The recent face-off in the United States between Apple and the Federal Bureau of Investigation over the privacy of information on Apple’s handsets highlights for B.C. employers the ever-present tug-of-war between privacy and security 

This tug-of-war extends into workplaces across British Columbia where an employer’s interest in managing its office and protecting its property, physical or electronic, bumps up against the interests of employees who wish to guard their privacy. 
 
This dilemma raises the following question: what is the state of the law in B.C with respect to privacy in the workplace? Here are three things every B.C. employer should know in this respect.
 
Firstly, the B.C. Privacy Commissioner has clearly recognized that employees have an expectation of privacy in the workplace.
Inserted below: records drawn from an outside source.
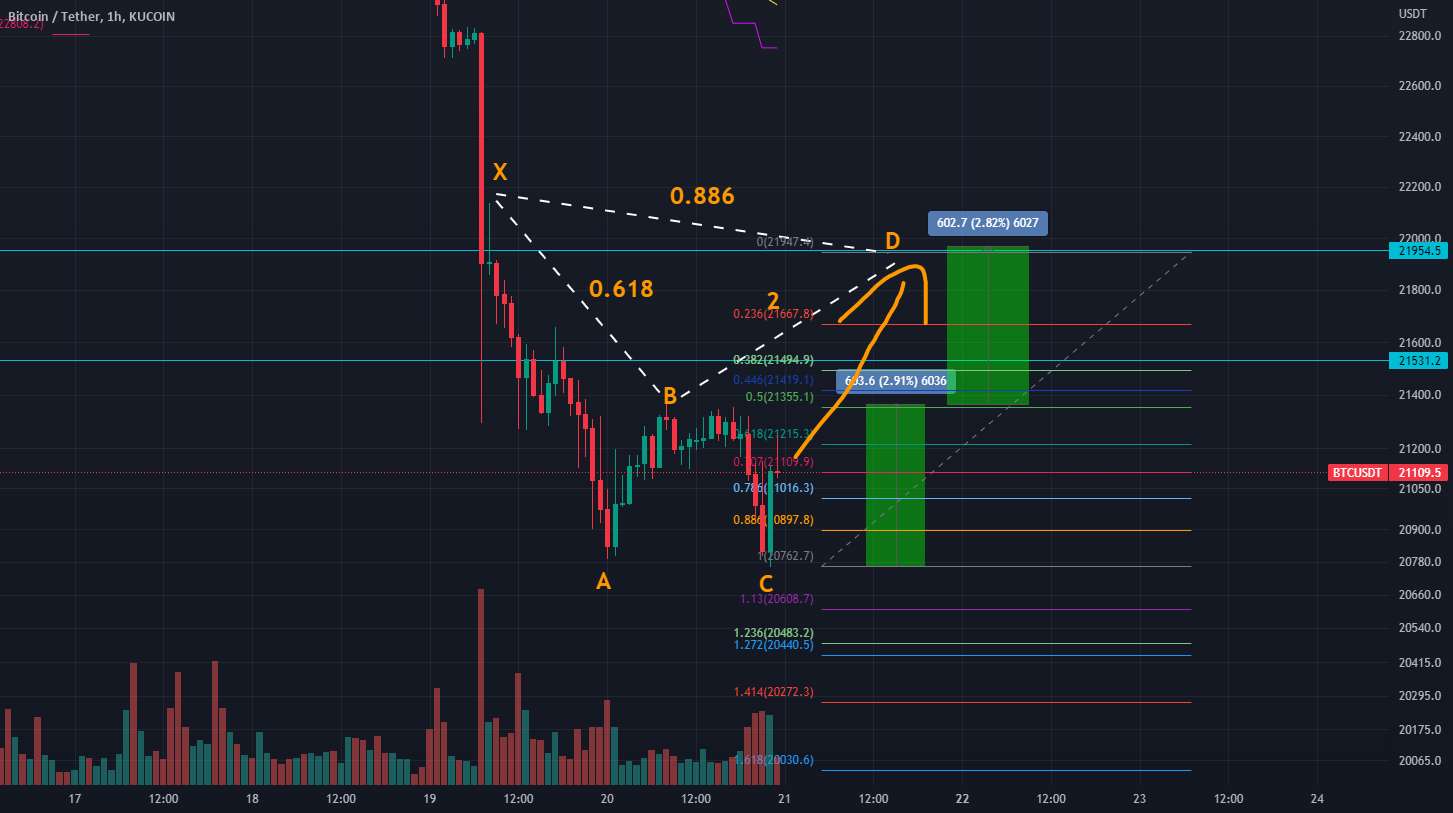  تحلیل بیت کوین - پایین ممکن است، 22k ثابت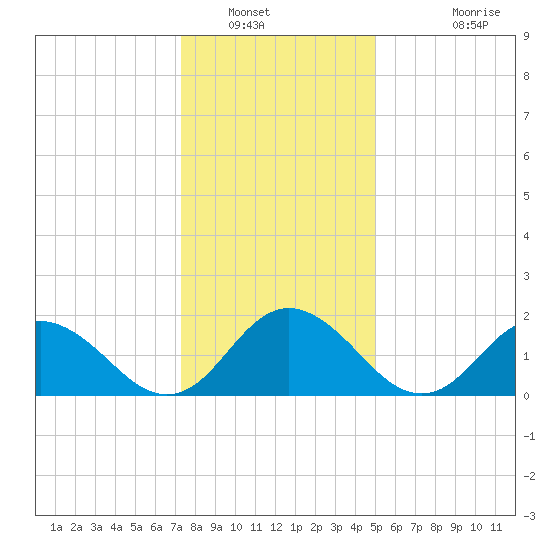 Gaskins Point tide chart for Tuesday, January 6, 2026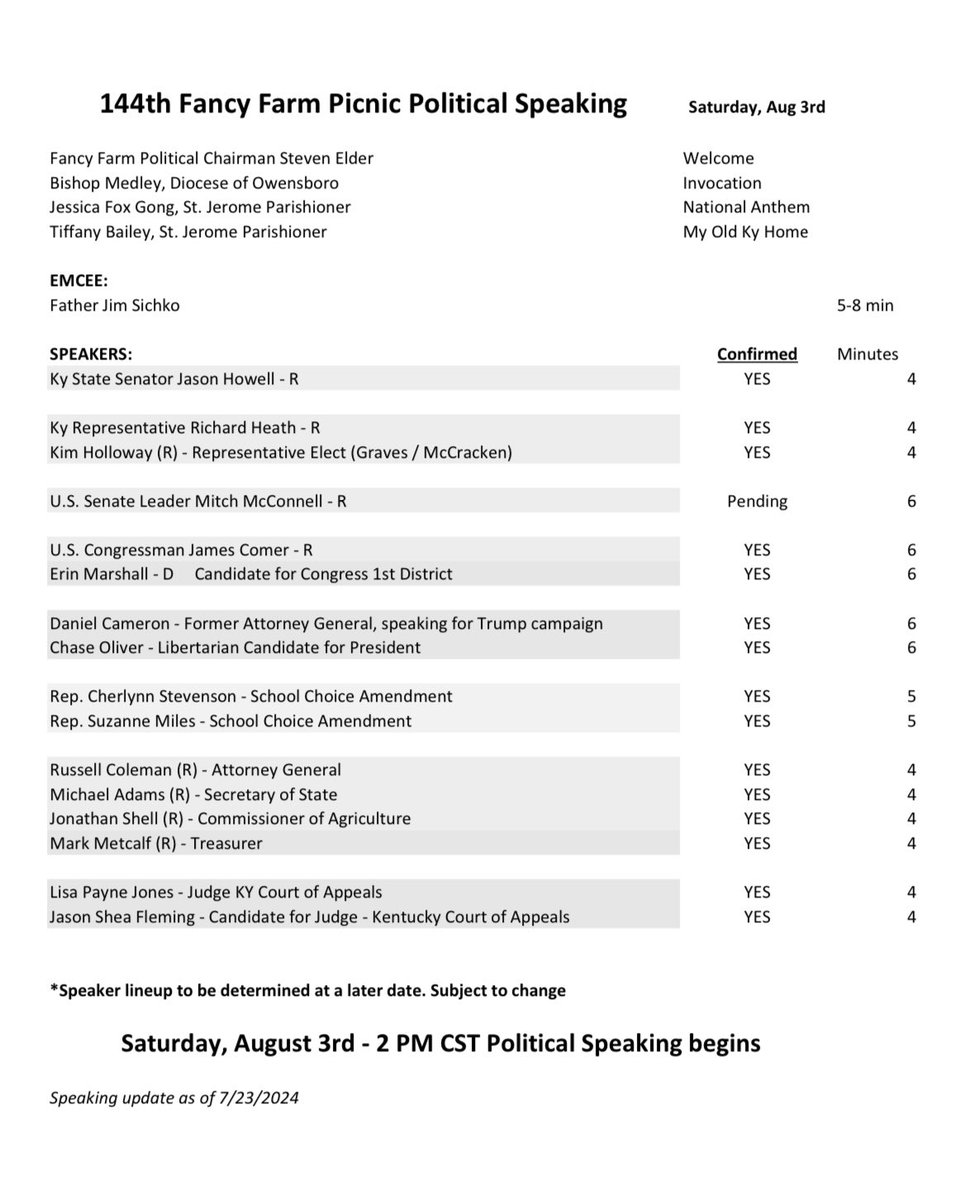 Fancy Farm Politics (@fancyfarmky) on Twitter photo Getting closer to a final roster. Fancy Farm Picnic 144 is just days away. #Fancyfarm #fancyfarmpicnic <a href="/ElderKY/">Steven Elder</a> Getting closer to a final roster. Fancy Farm Picnic 144 is just days away. #Fancyfarm #fancyfarmpicnic <a href="/ElderKY/">Steven Elder</a>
While the extent of this expectation of privacy continues to be defined, the notion of an expectation of privacy in the workplace is markedly different than what is the state of the law in other jurisdictions. In the U.S., for example, employees have no expectation of privacy in the workplace absent some contractual provision or, in the case of some federal employees, limited protections under the Constitution. 
 
Disposing of this expectation of privacy in BC is not as simple as merely introducing a workplace policy which states that employees have no expectation of privacy in the workplace – particularly when such a policy is not regularly enforced and employees are regularly permitted to make personal use of work computers or technology.
 
Secondly, applicable privacy laws in B.C., i.e. the Personal Information Protection Act for privacy sector organizations and the Freedom of Information and Protection of Privacy Act for public sector organizations, require that organizations give employees prior notice before collecting personal information
 
The prior notice must inform employees of the manner of information collection, the purpose for which the information is being collected and who employees can contact to request access to any of their personal information which has been collected. Moreover, how the personal information is subsequently used must be consistent with the stated purpose for which it was collected. What this means in practice is that employers should have policies in place to govern the collection of personal information. Examples of the collection of personal information include images obtained through video surveillance, records of computer use gathered with monitoring software or the location of company vehicles determined with the assistance of GPS tracking. 
 
Thirdly, the collection of personal information should be carried out in a reasonable manner that minimizes the intrusion on privacy. For example, the Commissioner has held that the continuous, real-time collection of an employee’s computer use will generally not be reasonable. Similarly, the covert collection of personal information (consider, for instance, covert video surveillance) may be considered unreasonable and will be permissible only as a last resort after less intrusive measures have been exhausted.